___ TASK INPUT ___

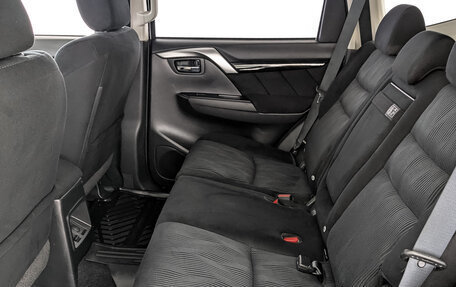 Mitsubishi Pajero Sport III рестайлинг, 2019 год, 3 250 000 рублей, 18 фотография
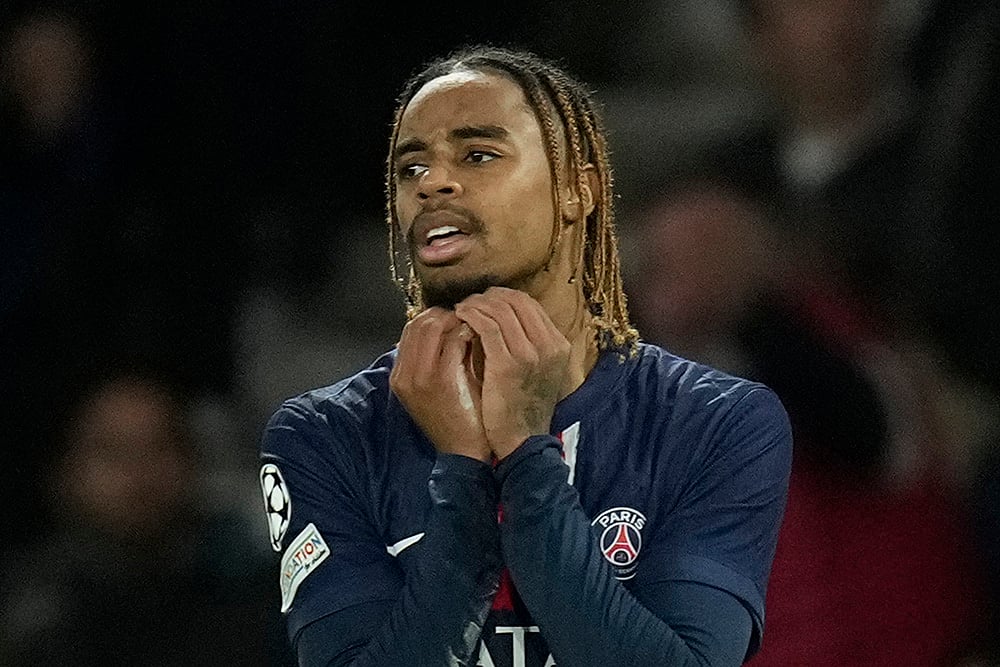 2024-25 UEFA Champions League soccer Paris Saint-Germain vs PSV Eindhoven_Bradley Barcola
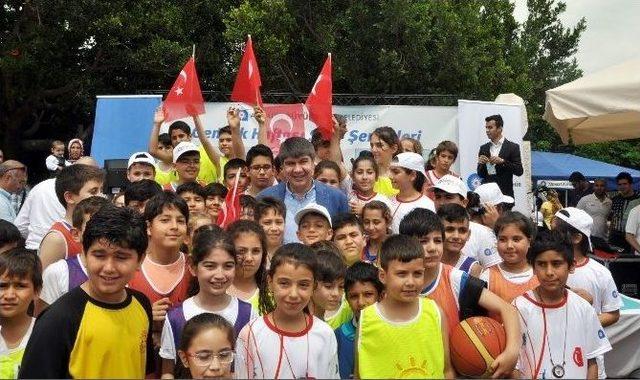 Büyükşehir Belediyesi Gençlik Haftası Spor Şenlikleri Başladı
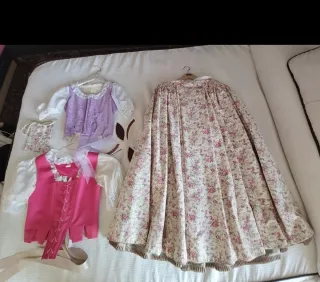 Traje de huertana completo de niña/adolescente.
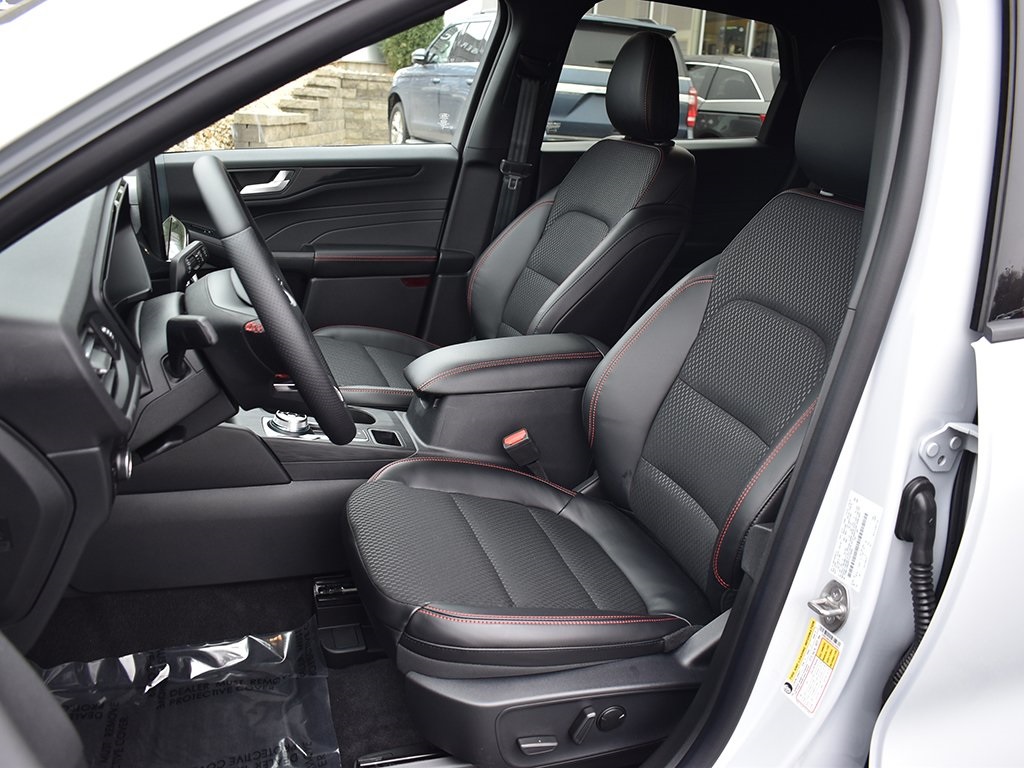 2026 Ford Escape Hybrid ST-Line Select photo 4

___

Would you write out all of the records exactly, omitting the pictures?

= WRITTEN ANSWER =
 Mitsubishi Pajero Sport III рестайлинг, 2019 год, 3 250 000 рублей, 18 фотография
 2024-25 UEFA Champions League soccer Paris Saint-Germain vs PSV Eindhoven_Bradley Barcola
 Büyükşehir Belediyesi Gençlik Haftası Spor Şenlikleri Başladı
 Traje de huertana completo de niña/adolescente.
 2026 Ford Escape Hybrid ST-Line Select photo 4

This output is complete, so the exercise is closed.